Are these two events independent (Comey and Mccabe tax returns)? How would we tell?

Question

The NYT reports:

The former F.B.I. director and his deputy, both of whom former President Donald J. Trump wanted prosecuted, were selected for a rare audit program that the tax agency says is random.

The odds of being selected for that audit in any given year are tiny — out of nearly 153 million individual returns filed for 2017, for example, the I.R.S. targeted about 5,000, or roughly one out of 30,600.

I'm trying to understand how we can know if these are independent events -- just in terms of the statistics, without knowing anything more about the case.

If we say independence means: P(XY) - (P(X) + P(Y)) = 0

Then we are saying: the probability of the joint occurrence is equivalent to the linear addition of the individual probabilities.

So is this true?

Let's say the process of selection is not random but is instead corrupt and the two have not yet been selected for tax audit. It's 2017, and the probability of joint occurrence (P(XY)) is high, say 95%.

On the face of it, the probabilities do not seem independent. However, maybe they are. We could say that the probability that one gets audited is 1/30,600 (P(X)) and the other is also 1/30,600 (P(Y)).

That implies dependence by our definition, even though this doesn't intuitively make sense to me. Is it correct to think about the joint probabilities this way?

It seems intuitively that once you know that one is selected, the odds the other is selected goes up massively. So there's some dependence.

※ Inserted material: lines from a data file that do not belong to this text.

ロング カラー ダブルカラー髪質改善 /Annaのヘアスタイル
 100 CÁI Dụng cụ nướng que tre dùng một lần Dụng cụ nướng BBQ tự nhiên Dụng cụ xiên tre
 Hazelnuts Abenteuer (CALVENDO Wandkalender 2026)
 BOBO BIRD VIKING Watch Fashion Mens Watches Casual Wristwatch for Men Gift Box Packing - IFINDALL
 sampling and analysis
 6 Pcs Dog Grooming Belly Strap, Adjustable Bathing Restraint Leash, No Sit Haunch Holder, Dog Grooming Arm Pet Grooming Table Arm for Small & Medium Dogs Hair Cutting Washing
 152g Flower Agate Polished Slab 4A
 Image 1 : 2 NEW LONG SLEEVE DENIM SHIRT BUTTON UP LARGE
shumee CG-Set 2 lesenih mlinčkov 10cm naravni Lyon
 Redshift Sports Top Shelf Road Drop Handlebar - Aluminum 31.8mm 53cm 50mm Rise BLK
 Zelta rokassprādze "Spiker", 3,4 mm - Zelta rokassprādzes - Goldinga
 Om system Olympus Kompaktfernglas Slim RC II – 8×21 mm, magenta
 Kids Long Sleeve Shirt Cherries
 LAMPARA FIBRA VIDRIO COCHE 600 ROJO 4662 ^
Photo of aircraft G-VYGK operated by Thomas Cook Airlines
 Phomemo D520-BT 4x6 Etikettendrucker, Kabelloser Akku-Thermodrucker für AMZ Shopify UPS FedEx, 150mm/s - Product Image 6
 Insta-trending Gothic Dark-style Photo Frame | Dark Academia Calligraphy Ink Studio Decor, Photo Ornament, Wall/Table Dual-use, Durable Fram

But should we simply consider the individual probabilities so low -- or should they also be much higher because each person has a high chance of being audited, jointly or not? I'm confused how we rate individual probabilities in this instance and how it connects to independence.

Answer 1

If two events $X$ and $Y$ are independent then $$ P(X \cap Y) = P(X)P(Y), $$ where $X\cap Y$ is the event that both $X$ and $Y$ do happen.

IIUC, you want to know how likely it is to have both being selected for the audit provided the selection is completely random (i.e. in particular independent) and $P(X) = P(Y) = 1/30,600$. According to the above formula, that probability is: $$ P(X\cap Y) = P(X)P(Y) = \frac{1}{30,600}\cdot \frac{1}{30,600} = \frac{1}{936,360,000} \approx 0.000000001. $$

By the way, if the selection of both is independent, then knowing that one is selected will not change the probability that the other one is selected, that is the very meaning of independence.